What is expected :: The answer is all of the data repeated exactly, with each picture omitted.

Dataset entries

= = = = = = =

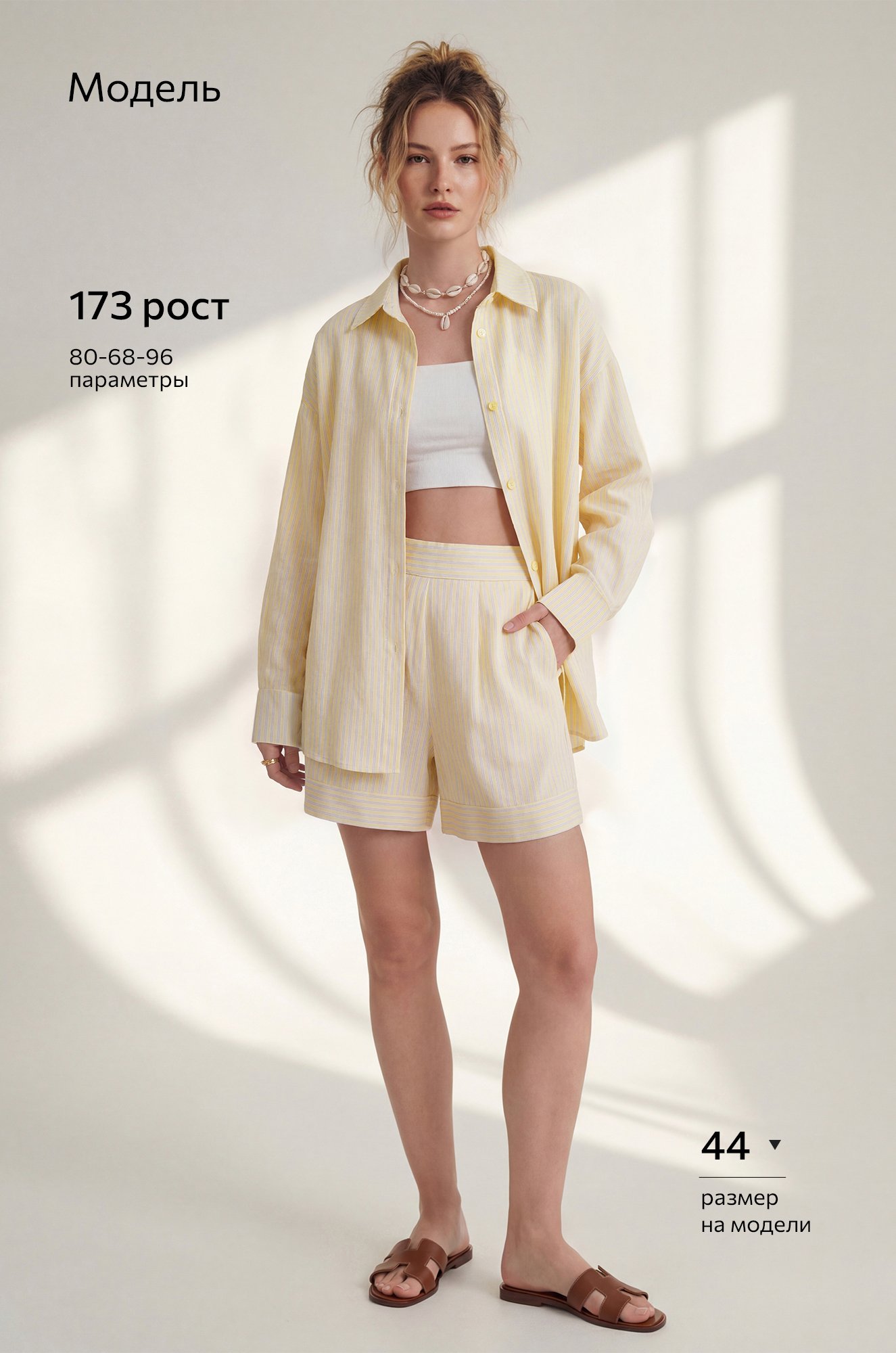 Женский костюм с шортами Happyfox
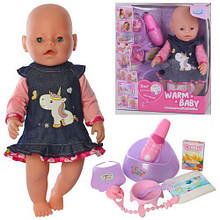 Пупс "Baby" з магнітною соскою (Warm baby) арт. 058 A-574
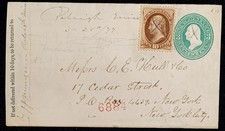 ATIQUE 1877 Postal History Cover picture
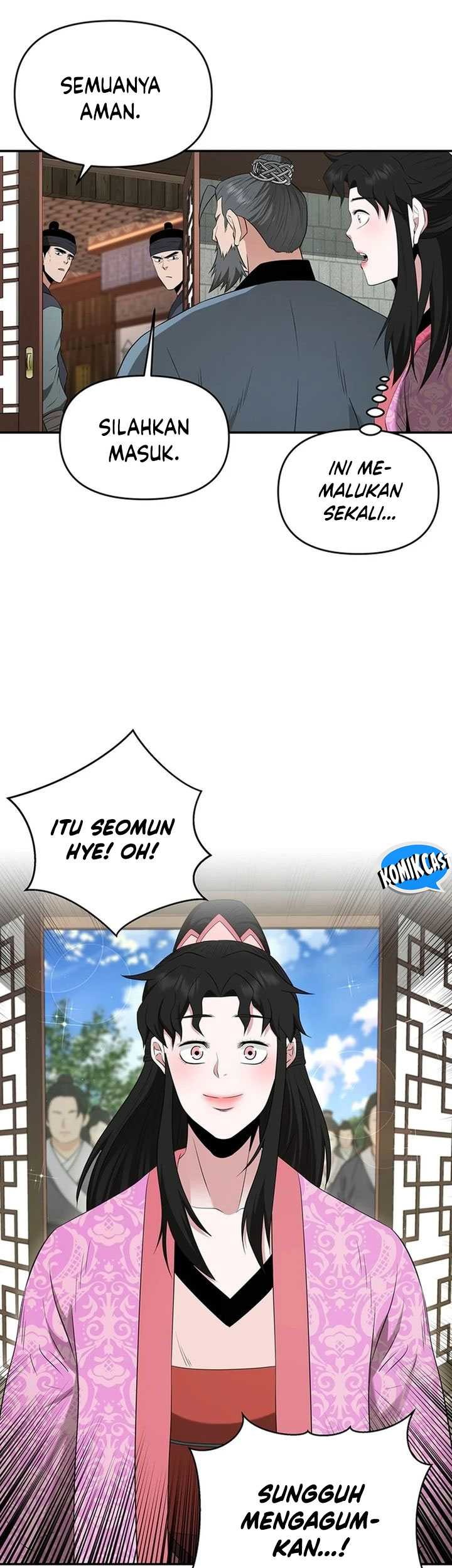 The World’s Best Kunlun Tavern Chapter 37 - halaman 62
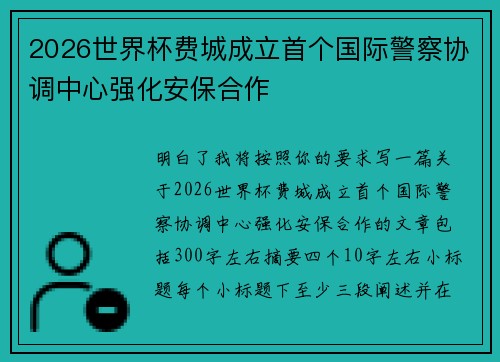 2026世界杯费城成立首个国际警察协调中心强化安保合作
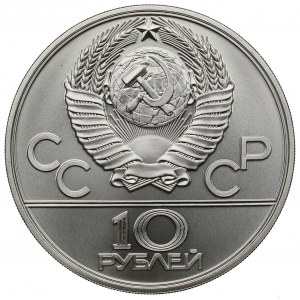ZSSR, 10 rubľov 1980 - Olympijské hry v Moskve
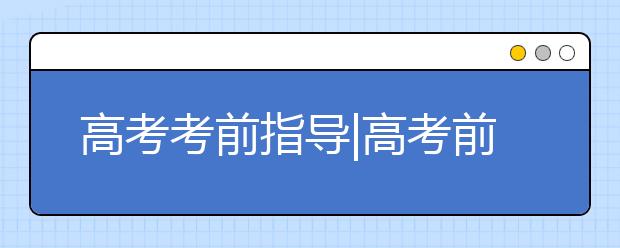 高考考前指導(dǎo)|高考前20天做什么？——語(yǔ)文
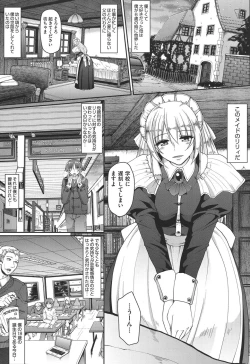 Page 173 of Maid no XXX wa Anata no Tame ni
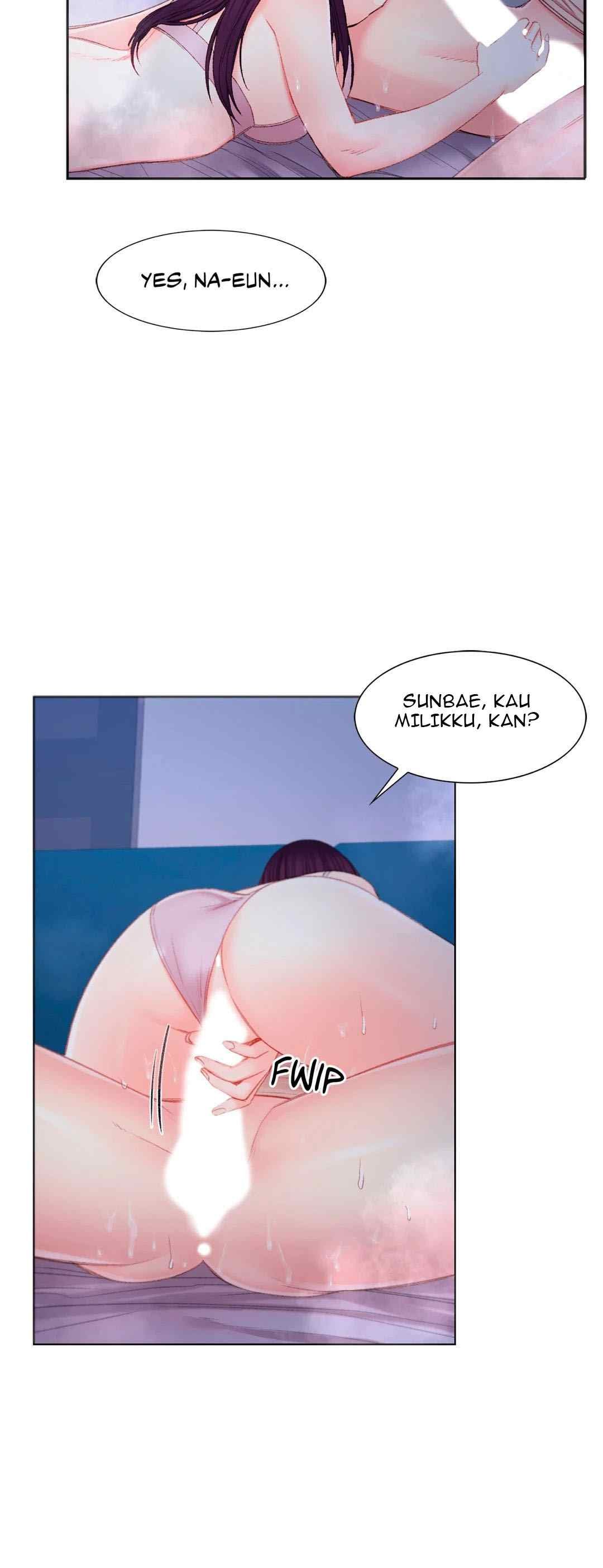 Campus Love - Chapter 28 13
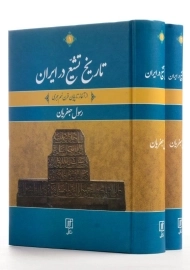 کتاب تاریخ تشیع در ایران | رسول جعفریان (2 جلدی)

= = = = = = =

Response to the exercise ::
 Женский костюм с шортами Happyfox
 Пупс "Baby" з магнітною соскою (Warm baby) арт. 058 A-574
 ATIQUE 1877 Postal History Cover picture
 The World’s Best Kunlun Tavern Chapter 37 - halaman 62
 2026世界杯费城成立首个国际警察协调中心强化安保合作
ZSSR, 10 rubľov 1980 - Olympijské hry v Moskve
 高考考前指導(dǎo)|高考前20天做什么？——語(yǔ)文
 Page 173 of Maid no XXX wa Anata no Tame ni
 Campus Love - Chapter 28 13
 کتاب تاریخ تشیع در ایران | رسول جعفریان (2 جلدی)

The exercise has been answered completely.